Environmental Group Files Latest Lawsuit in California MTBE Controversy
More legal troubles are piling up in California for methyl tertiary butyl ether (MTBE), the controversial gasoline additive accused of contaminating water across the state. The latest action is a lawsuit by a San Francisco-based environmental group against eight oil companies.
The organization, Communities for a Better Environment (CBE), charged that oil companies knew the dangers of MTBE, but used it anyway. Donald Brown, executive director of Communities for a Better Environment, said the group's legal action seeks to ban MTBE, and would require refiners to pay costs for removing the chemical from water sources.
The San Francisco Examiner described MTBE: "The additive, found to be an animal carcinogen by the Environmental Protection Agency, is soluble in water and has leaked out of storage tanks and into the domestic water supplies in several areas."
The San Francisco Chronicle reported: "MTBE is a rapidly growing threat to the state's water supply. It has leaked from underground fuel tanks and pipelines and from motorboats..." The Chronicle also said the U.S. Environmental Protection Agency "considers MTBE a possible human carcinogen."
The lawsuit by CBE, which filed its complaint under California's Unfair Competition Act, argued that oil companies knew of MTBE's dangers and "could have used more environmentally benign oxygenates," according to the Chronicle.

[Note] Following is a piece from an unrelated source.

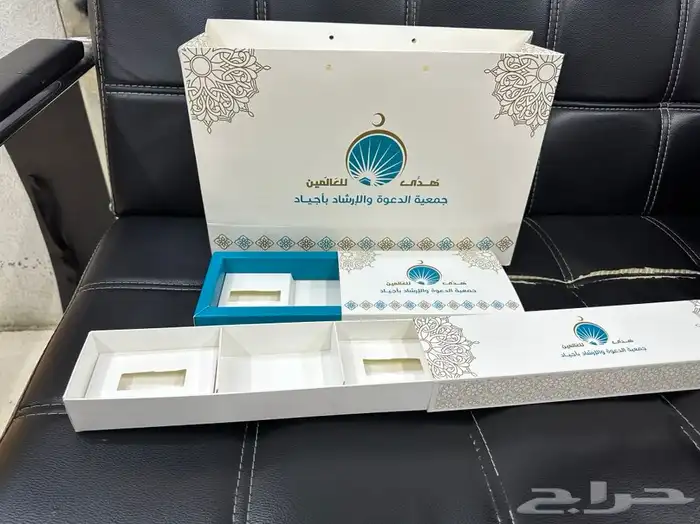 مطابع مطبعة بوكسات اكياس علب شرايط عود عبايات ورق تغليف 8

The San Francisco Examiner noted that ethanol is being used instead of MTBE as a clean-air gasoline additive by Tosco Corp., a leading California Refining company, in gasoline sold in three area counties.
The Los Angeles Times reported: "The MTBE issue is being watched particularly carefully in Orange County because residents depend more heavily on ground water for drinking supplies than in most areas of Southern California."
This CBE lawsuit against MTBE is the latest in a series of legal actions in California brought on by reported water contamination discoveries. The City of Santa Monica, forced to close off more than half its water supply because of MTBE pollution, sued oil companies to recover its costs of replacing water. And in May, two lawsuits were filed in Los Angeles by residents of Glenville, CA, against oil companies that sold gasoline containing MTBE.